SSH Cheatsheet
External Resources:
- https://cheatsheet.dennyzhang.com/cheatsheet-ssh-a4
- https://docs.ycrc.yale.edu/clusters-at-yale/access/advanced-config/
Proxy Jump
Method 1
Using your key for SSH to bastion and using your key to SSH to target host:
Host *
Port 22
User ubuntu
StrictHostKeyChecking no
UserKnownHostsFile /dev/null
ServerAliveInterval 60
ServerAliveCountMax 30
Host jump-host
HostName bastion.domain.com
IdentityFile ~/.ssh/bastion.pem
Host target-a
HostName target-a.pvt.domain.com
IdentityFile ~/.ssh/target_a.pem
ProxyJump jump-host
Method 2
Using your key to SSH to bastion and using the remote key on B to SSH to the target host:
Host *
Port 22
User ubuntu
StrictHostKeyChecking no
UserKnownHostsFile /dev/null
ServerAliveInterval 60
ServerAliveCountMax 30
Host jump-host
HostName bastion.domain.com
IdentityFile ~/.ssh/bastion.pem
Host target-b
HostName target-b.pvt.domain.com
IdentityFile /home/ubuntu/.ssh/id_rsa
ProxyCommand ssh -o 'ForwardAgent yes' jump-host 'ssh-add && nc %h %p'
Method 3
One liner:
ssh -i ~/.ssh/target.pem -o ProxyCommand="ssh -W %h:%p -i ~/.ssh/id_rsa -q ubuntu@bastion.domain" ubuntu@target.domain
SOCKS5 SSH Tunnel
To run a socks5 ssh tunnel in the foreground:
ssh -D 1337 -q -C -N jump-host
To run a forked socks5 ssh tunnel in the background:
ssh -D 1337 -q -C -N -f jump-host
SSH Tunnel
Setup a local tunnel accessible on port 8080 which will traverse via the tunnel to access port 9100 on target-a which is only accessible locally on the remote end.

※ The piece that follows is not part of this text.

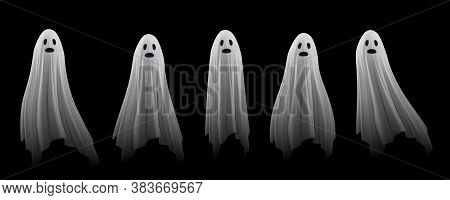 Ghost On A Black Background. An Evil Spirit With A Covered Sheet. Set Of Flying Transparent Spectres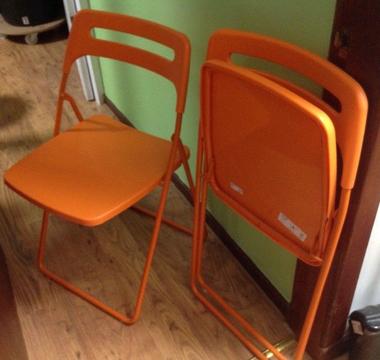 2 orange folding chairs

First to setup our SSH Config (optional):
$ cat ~/.ssh/config
Host jump-host
HostName jump-host.mydomain.com
Port 22
User ruan
IdentityFile ~/.ssh/id_rsa
Host target-a
Hostname 172.31.16.3
User ec2-user
IdentityFile ~/.ssh/id_rsa
ProxyCommand ssh -o 'ForwardAgent yes' jump-host 'ssh-add && nc %h %p'
Method 1
This ssh session will log you into the remote server, so the session will remain active as long as you are logged in:
$ ssh -L 8080:localhost:9100 target-a
Method 2
Then we can do the same, but fork the ssh session to the background:
$ ssh -fN -L 8080:localhost:9100 target-a
To kill the session, you can get the pid
by running: ps aux | grep '8080:localhost:9100'
, and then kill the pid with: kill $pid
Method 3
Then we can do the same, but run the ssh session in the forground:
$ ssh -fN -L 8080:localhost:9100 -CqN target-a
Now when you try to access port 8080 locally, you will see that we can reach port 80 on the remote target:
$ nc -vz localhost 8080
Connection to localhost port 8080 [tcp/*] succeeded!